Inclusion Depth for Contour Ensembles

Ensembles of contours arise in various applications like simulation, computer-aided design, and semantic segmentation. Uncovering ensemble patterns and analyzing individual members is a challenging task that suffers from clutter. Ensemble statistical summarization can alleviate this issue by permitting analyzing ensembles' distributional components like the mean and median, confidence intervals, and outliers. Contour boxplots, powered by Contour Band Depth (CBD), are a popular non-parametric ensemble summarization method that benefits from CBD's generality, robustness, and theoretical properties. In this work, we introduce Inclusion Depth (ID), a new notion of contour depth with three defining characteristics.

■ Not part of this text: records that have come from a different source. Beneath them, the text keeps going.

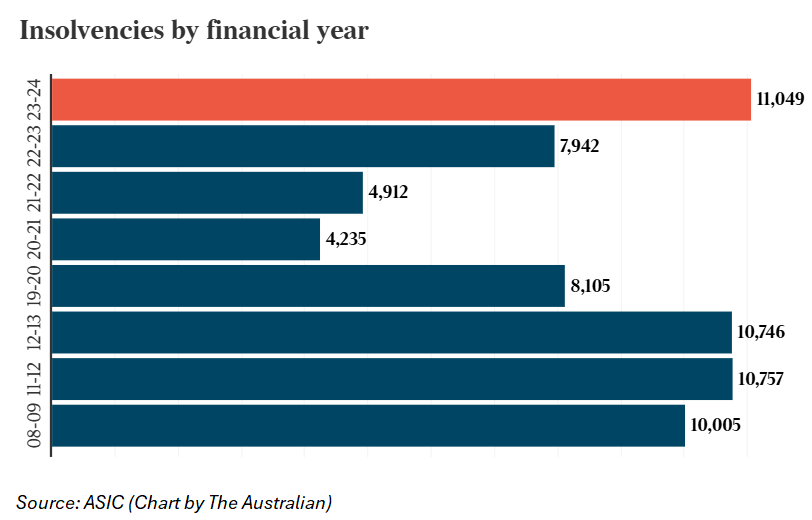 Australian insolvencies - 2023-24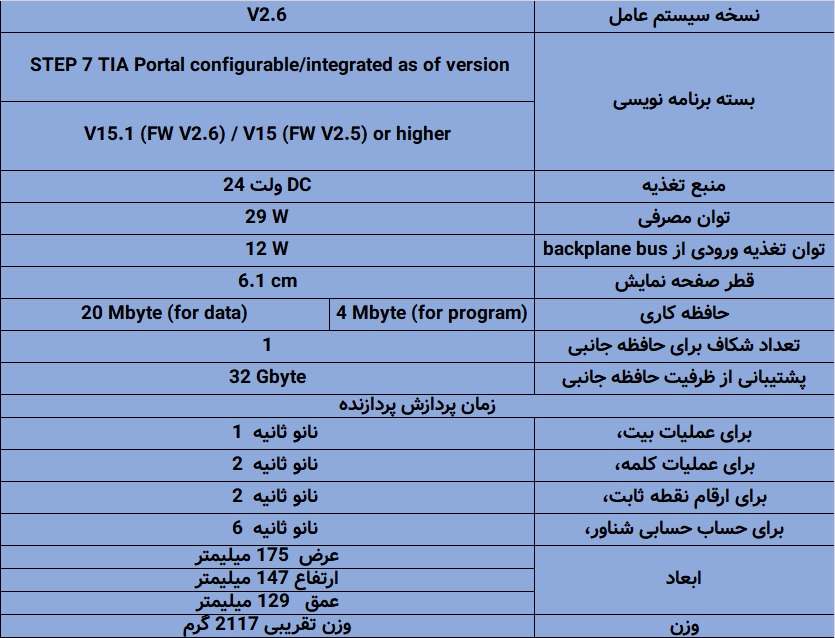 مشخصات کامل PLC زیمنس S7-1500 CPU 1518-4PN/DP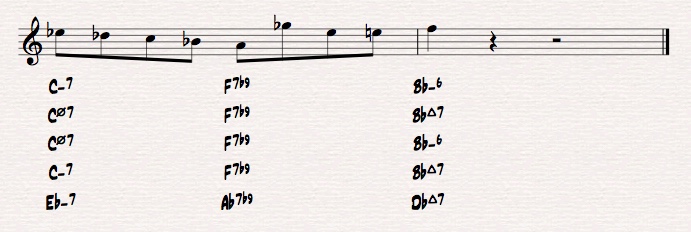 How to play over fast 251 chord progressions?-short-ii-v-i-jpeg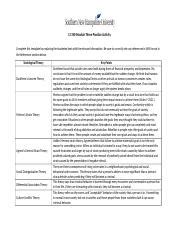 Image result for CJ 340 Module Three Assignment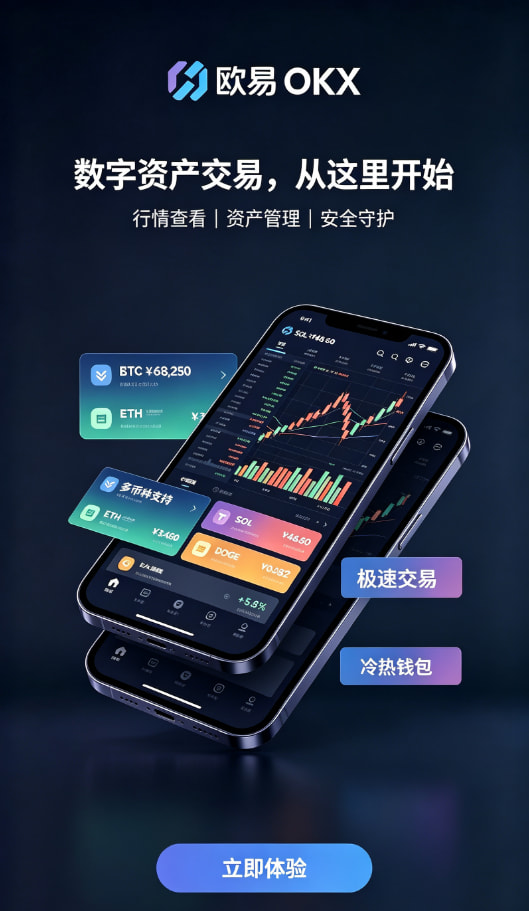 欧交易所APP官方网站新手入门教程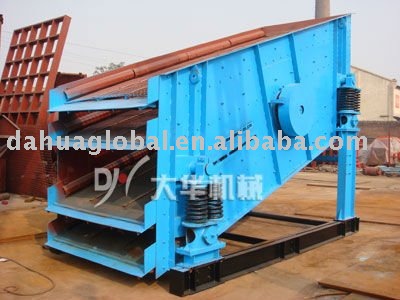 High Efficiency Vibrating Screen For Mining Industry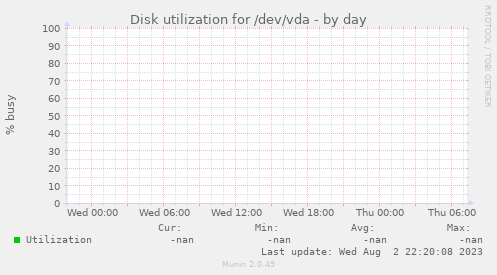 Disk utilization for /dev/vda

First, ID is a generalization of functional Half-Region Depth, which offers several theoretical guarantees. Second, ID relies on a simple principle: the inside/outside relationships between contours. This facilitates implementing ID and understanding its results. Third, the computational complexity of ID scales quadratically in the number of members of the ensemble, improving CBD's cubic complexity. This also in practice speeds up the computation enabling the use of ID for exploring large contour ensembles or in contexts requiring multiple depth evaluations like clustering. In a series of experiments on synthetic data and case studies with meteorological and segmentation data, we evaluate ID's performance and demonstrate its capabilities for the visual analysis of contour ensembles.